通過《風箏》的故事,觀眾會對「信仰」有更深入的了解。「信仰」不是盲目與衝動,而是寫進骨髓里的一種信念,若非是這種信念堅持,鄭耀先的「信仰」也不會在漫長的三十年時光里一以貫之,這隻「老風箏」,經歷過暴風驟雨,當晴空萬里的時候,也絲毫沒有悠然自得,他知道牽連他的那根線,不是輕飄的而是沉重的,不是一種約束而是一種信任,不是順著線走到勝利的那天分享果實,而是如影隨身的責任已經成了他的生命。
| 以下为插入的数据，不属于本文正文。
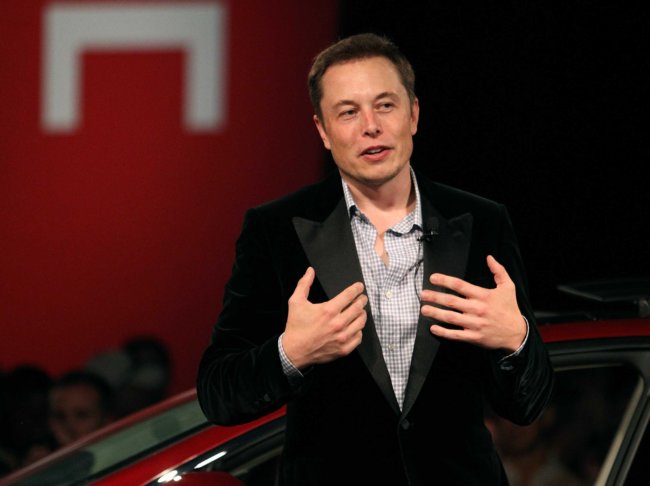 Apple переманивает специалистов Tesla длинным долларом. Фото.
我們今天看鄭耀先的故事,看這部以「諜戰劇」名義播出的電視作品,首先會從它的觀賞性切入,柳雲龍團隊為觀眾保障了這部作品的娛樂價值,但這部劇更需要深入感受的,是觀眾要重新對「信仰」有嶄新的認識。信仰從來不會像風箏那樣在天空飄,相反,信仰哪怕在天空之上,也厚重如鉛墜,只不過是一代人犧牲了他們的青春與生命,來支撐「信仰」不用藉助風向與高空飄揚。面對這樣的「風箏」,我們要做的不止是「欣賞」,而是深深的凝視。